No, it’s not. When you’re irrationally attracted to someone, it’s like a hall pass for that person to mistreat you. And then for you to continue to conduct yourself like an unpaid intern rather than the CEO of your own love life. And if you’ve ever felt like the unpaid intern in your relationship, it should make you wonder, what am I getting out of this relationship? I could say that I was with a 10. I could have some really amazing sex and some companionship. But in between all of that, I was constantly on edge, berated, walking on eggshells, apologizing, massaging. It was so much. I had the illusion of happiness. I’ve got a girlfriend. She’s impressive. But I wasn’t actually happy. I was weak.
So your takeaway from this story. And again, I’m doing the long version for a reason. That’s because I want you to see how this applies to you. Your takeaway is that you have to apply equal standards to everyone. Some basic guy online sends an aggressive text or a dick pic you block him. Some hot guy does the same thing, we’ll figure out some workaround to justify why you keep talking to him. Maybe the dick pic thing was a little much. Basically, we make a lot of allowances for attractive guys, don’t we?

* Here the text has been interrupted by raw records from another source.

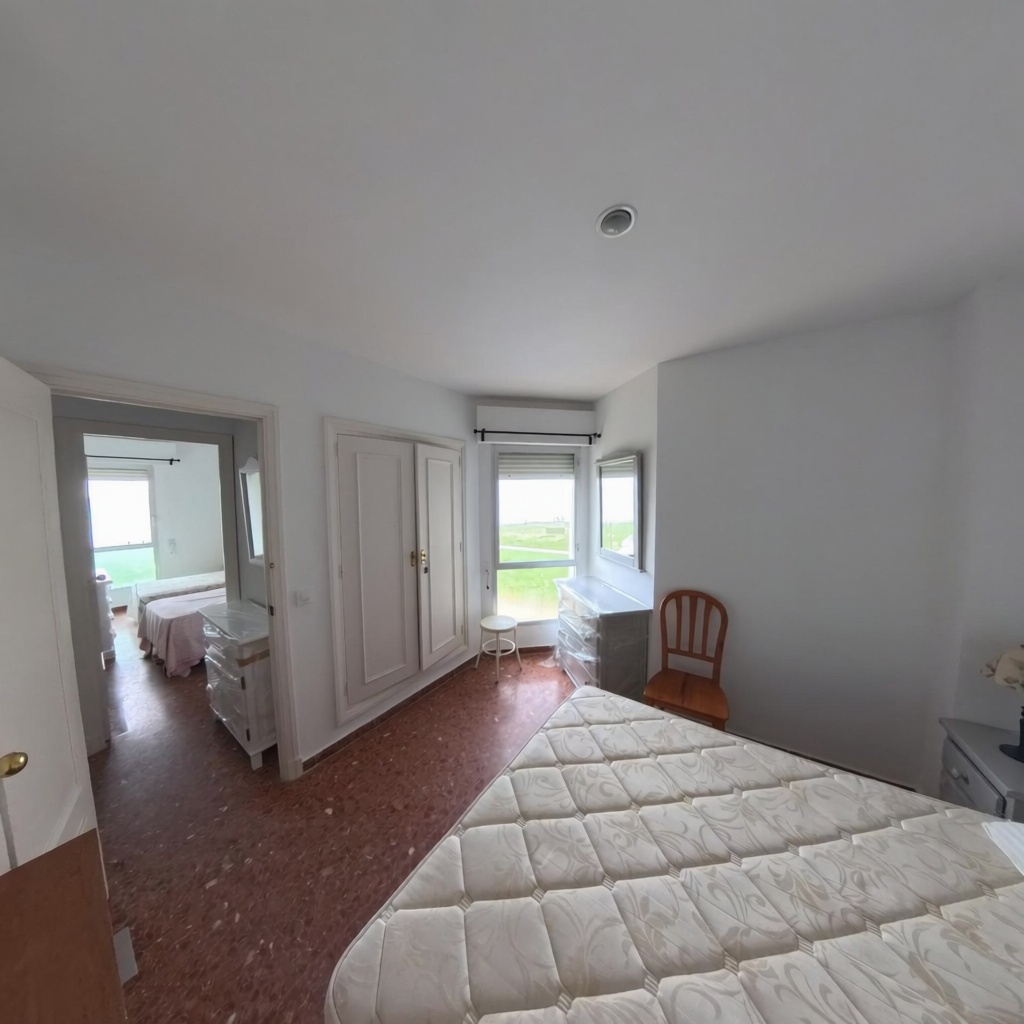 Piso en primera línea de playa en El Puerto de Santa María — Dormitorio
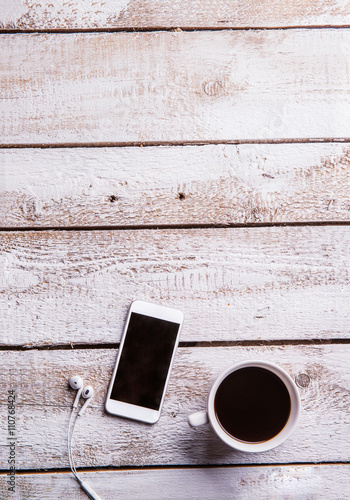 Smartphone, earphones and coffee cup. Flat lay. Copy space.
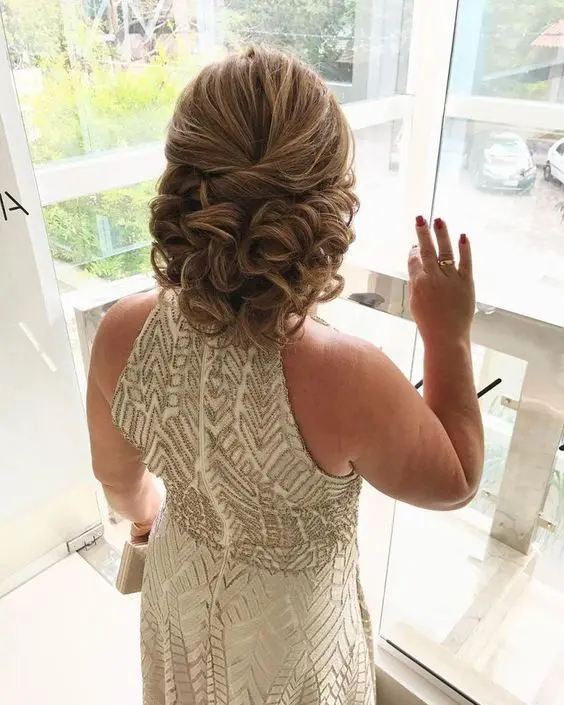 an elegant curled half updo with a dimensional top is always a good idea if you have medium or long hair
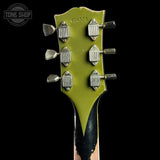 Close-up of a guitar headstock with a distressed olive green finish, six silver tuning pegs, and a black-and-brown wood neck visible against a black background. A Tone Shop watermark is in the upper left corner.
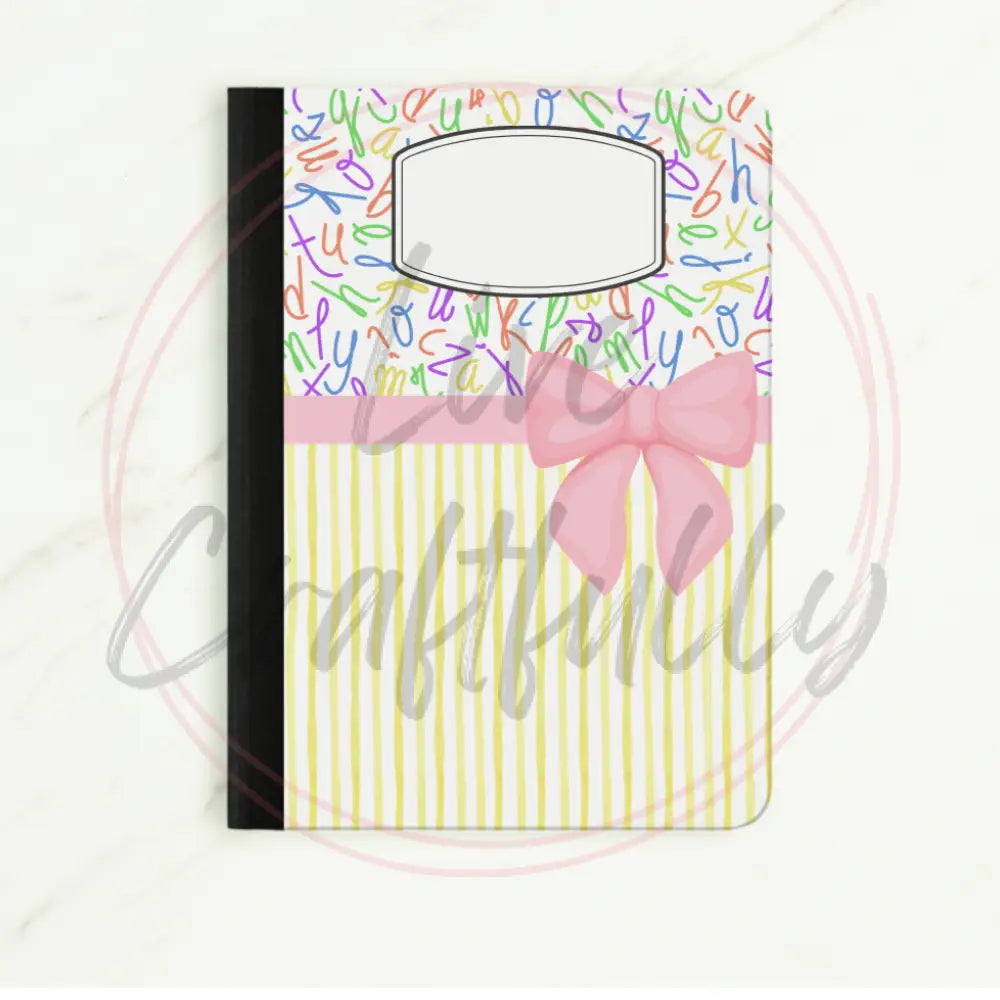 Notebook with colorful lettering and a pink bow on a white background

So here’s the upshot. Ask yourself this, if an average guy did this or treated me this way, how would I react? Instead of making allowances and excuses for the guys you deemed to be in the top five percent of all men, as if cute guys are allowed to treat you like shit, but normal guys aren’t, how about you just adopt the standards that we teach in Love U and fire any intern whose behavior is patently unforgivable. Ultimately, it doesn’t matter how smart or rich or hot a guy is or how good things are when they’re “good” a small percentage of the time. If literally half of your relationship is arguing and making up in tears and silent treatment, and anxiously waiting for the text that never comes. The only thing for you to do is get out of that relationship, start over, raise your standards, and do better. You deserve it.
I’m Evan Marc Katz. Thank you for tuning into the Love U podcast.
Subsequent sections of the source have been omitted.